Coco does Komati

Bridget Hilton-Barber

Coco the Weimaraner dog took a liking to us and decided to hang out at our chalet for the duration of our visit to Komati Gorge Lodge

It’s a beautiful spot in Mpumalanga’s grasslands and wetlands region, near the bizarre little town of Carolina. Comprising a “village” of thatched chalets on the banks of the Komati River, the lodge overlooks a canyon and green grasslands.

Coco is one of the resident dogs at the lodge, which is also a pet-friendly place as it turned out. This wasn’t the reason we were visiting, but plainly was for the people at chalet No 4 who took their mini Daschund breakfasting, walking, quad biking, lunching, napping, fishing, hiking, horse riding, rambling, swimming and braaiing.

We were too hot and tired, to do much on our first afternoon except hang on our balcony, watching the Daschund and its owners expending enough energy to power the national grid. I must say, I’ve never really thought much about the pet-friendly thing, but I guess it’s quite sweet if it’s for decent suburbanites who can’t leave home without their Daschunds, rather than Lowveld cowboys  who want to go drinking with their pet eland for instance.

Komati Lodge. Picture: Bridget Hilton-Barber
Komati Gorge Lodge. Picture: Bridget Hilton-Barber

And pet or no pet, the views at Komati Gorge are amazing. From our chalet we looked onto a sweep of green lawn, a trout dam, a frisky stretch of the Komati River and a shoulder of canyon in the distance, set about with fat painterly clouds. Such views call for a whisky. Which then called for adventure. So we went for a sunset ramble alongside the Komati River, admiring the resident horses and gorgeous surroundings as we rambled. We lay alongside one of the trout dams for a while, watching upside down canyons and the trout beginning their sunset frolic.  As the orange skies darkened, Coco led us gently back to our chalet for more whisky and fresh horses for our men as they say.

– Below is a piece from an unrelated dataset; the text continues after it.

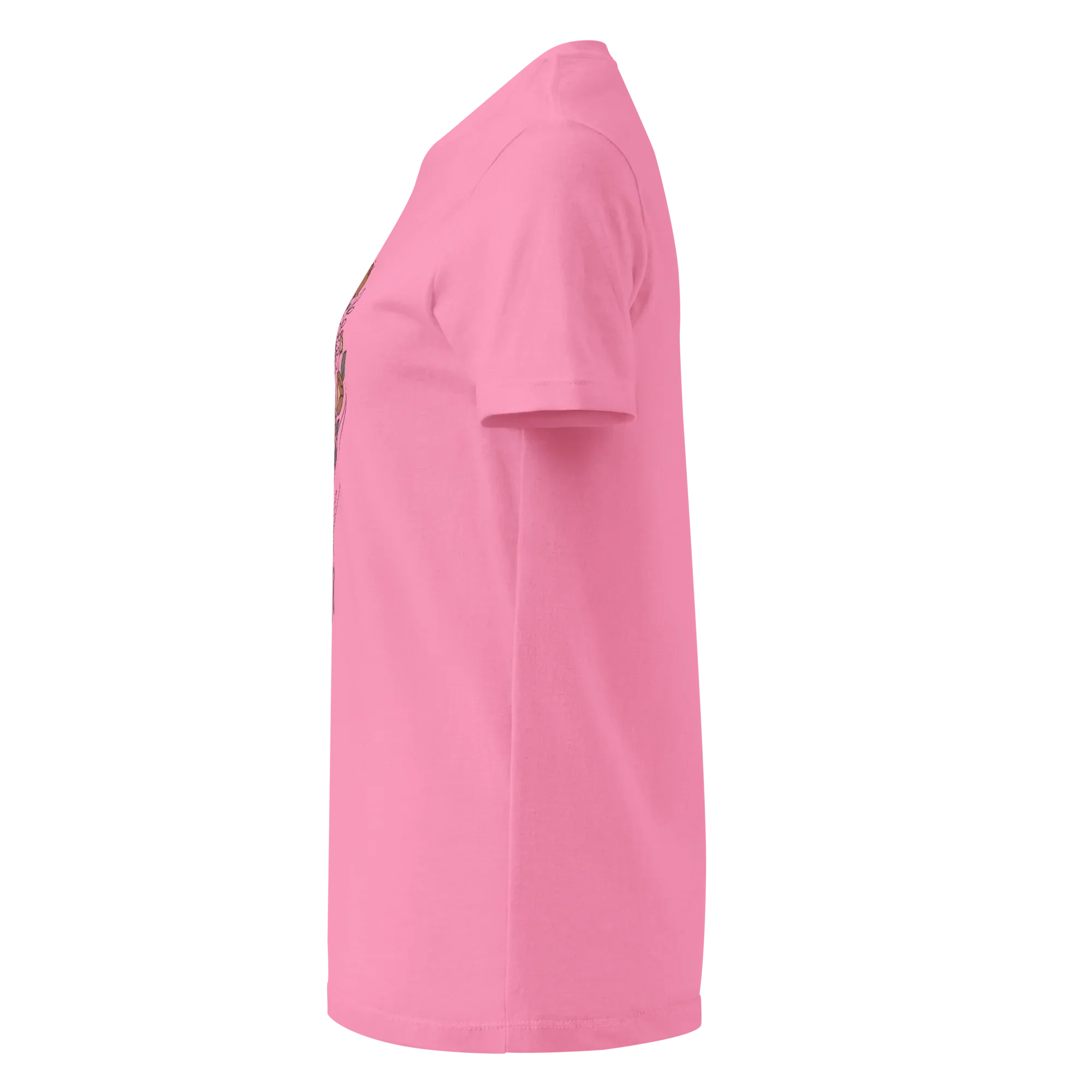 SELF-CARE MOTIVATION women'st-shirt - Red / S - Printoo Shop - 3709809_22182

The chalets are simple and comfortable, with pleasant décor, a generous bathroom and fireplace in the main bedroom lounge area. Mmmm. I can well imagine cosy winter evenings here. We chose to do our own cooking, but there is a restaurant, as well as a generous bar and outside entertainment area along the river. Komati Gorge is a chilled spot. There’s no cell phone reception, and the place is big enough to feel wild and free and small enough to feel safe. After dinner we sat outside listening to the night noises, while Coco found herself an elegant scatter cushion on which to spend the night.

Our chalet at Komati Gorge Lodge. Picture: Bridget Hilton-Barber

The dawn broke crisp and clear and we headed out for an early walk into the mountains. The Komati lodge people had asked us not walk with their dogs, but it’s hard to restrain an enthusiastic unleashed Weimaraner, so we eventually we gave in and pretended not to notice when she tried to dig up entire koppies and chase kudus. There are really great hikes in and around Komati Gorge, this being canyon country with kloofs and cliffs, dizzying views and shady forested patches. The birding is good, and the botanizing; and of course trout fishing, which is what most visitors do. You can also go swimming, quad biking and horse riding or just sit down and wait for the feeling to pass. It’s a lovely spot whatever your pace.